What this chapter covers
- 01Self-awareness: seeing yourself objectively and understanding your impact on others
- 02Self-regulation and self-motivation as emotional-intelligence competencies
- 03Social awareness and relational awareness: empathy, organisational awareness, building relationships
- 04The four EQ components: self-awareness, self-management, social awareness, relationship management
- 05Self-concept, self-esteem and self-disclosure
- 06The Johari Window: open, hidden, blind and unknown quadrants
- 07How feedback shrinks the blind spot and self-disclosure shrinks the hidden area
- 08Relationship-management competencies: influence, developing others, conflict management, teamwork
Applied: using the Johari Window to run a tricky first meeting
- +2(a) Feedback shrinks the Blind Spot — what others see in you but you do not see in yourself. Inviting the former-senior members to share how your leadership is landing surfaces blind spots (for example coming across as tentative or over-assertive) so you can adjust.
- +2(b) Self-disclosure shrinks the Hidden Area — what you know but keep from others. Appropriately naming that you value their experience and want their input moves information into the Open/Public arena, builds trust and defuses the status tension.
- +2(c) The EQ component that holds the meeting together is self-management (self-regulation): controlling your own reaction to any condescension so you respond calmly and rationally rather than defensively, backed by social awareness (empathy for their loss of status).
Key terms
- Emotional intelligence (EQ)
- The capacity to perceive and manage emotions, built from four components: self-awareness, self-management, social awareness and relationship management.
- Self-awareness
- Seeing yourself objectively — understanding your own emotions and how you affect others; the foundation of emotional intelligence and of the reflective tasks.
- Johari Window
- A 2x2 model of self-knowledge by known/unknown to self and to others: Open (public), Hidden (facade), Blind Spot and Unknown areas.
- Blind Spot
- The Johari quadrant known to others but not to yourself; it shrinks when you actively seek and accept feedback.
- Hidden Area
- The Johari quadrant known to yourself but not disclosed to others; it shrinks through appropriate self-disclosure, moving information into the Open arena.
- Self-disclosure
- Appropriately sharing your feelings, intentions or experiences, which builds trust and reduces the Hidden Area of the Johari Window.
Multiple Intelligences & Emotional Intelligence FAQ
What are the four components of emotional intelligence?
Self-awareness (understanding your own emotions and impact), self-management or self-regulation (controlling your emotional reactions and staying rational), social awareness (empathy and reading a room or organisation), and relationship management (using influence, developing others and managing conflict to build and maintain relationships). Project leadership in this unit is framed as applying all four, starting from self-awareness.
How does the Johari Window actually grow self-awareness?
The window has four quadrants defined by what is known or unknown to yourself and to others.
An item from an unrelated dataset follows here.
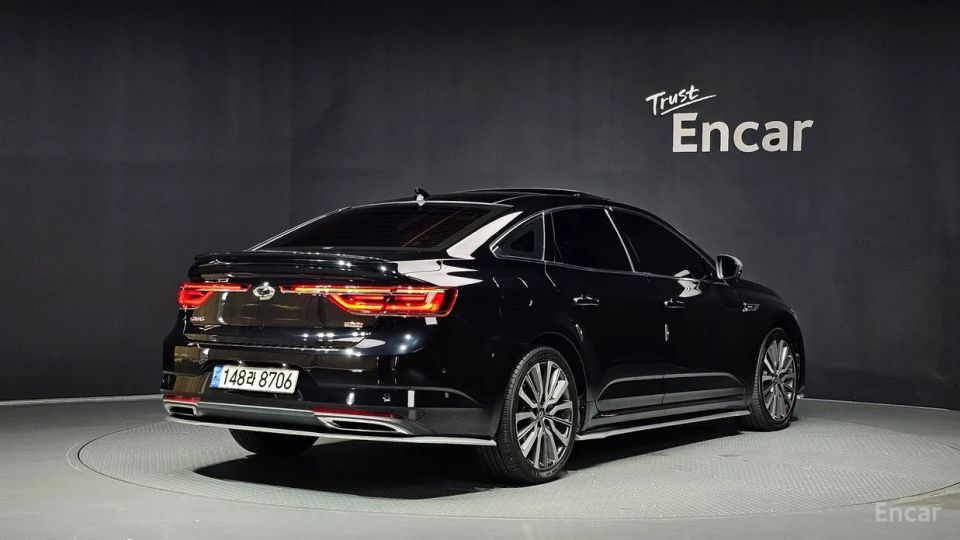Renault-KoreaSamsung SM6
Seeking feedback moves information from the Blind Spot (others see it, you don't) into the Open arena; self-disclosure moves information from the Hidden Area (you know it, others don't) into the Open arena. As the Open arena grows, trust and mutual understanding grow, which is the practical goal of the model.
Why is this chapter central to the reflective assessment?
The one-minute video and the 1,000-word reflective summary ask you to demonstrate self-awareness about your own communication and its effect on others. The EQ components give you the vocabulary, and the Johari Window gives you a structure for discussing how feedback and self-disclosure changed your self-knowledge during the unit's group work. Strong reflective writing draws explicitly on these models.
Can AI help me with emotional intelligence and the Johari Window?
Yes. Sia can explain the four EQ components, quiz you on which Johari quadrant a given action affects, and help you structure a reflective paragraph that demonstrates self-awareness. It explains the method and checks your reasoning; it does not write your reflective summary or video for you, and academic-integrity rules apply.
Exam move
Make the Johari Window and the four EQ components second nature, because they are the language of the reflective tasks. Practise mapping actions to quadrant-shifts (feedback shrinks the Blind Spot; self-disclosure shrinks the Hidden Area) until you never confuse them. Keep noting moments in group work where feedback or self-disclosure changed how you saw yourself — that is exactly the raw material the reflective summary rewards. Confirm the reflective-task requirements and dates on Canvas.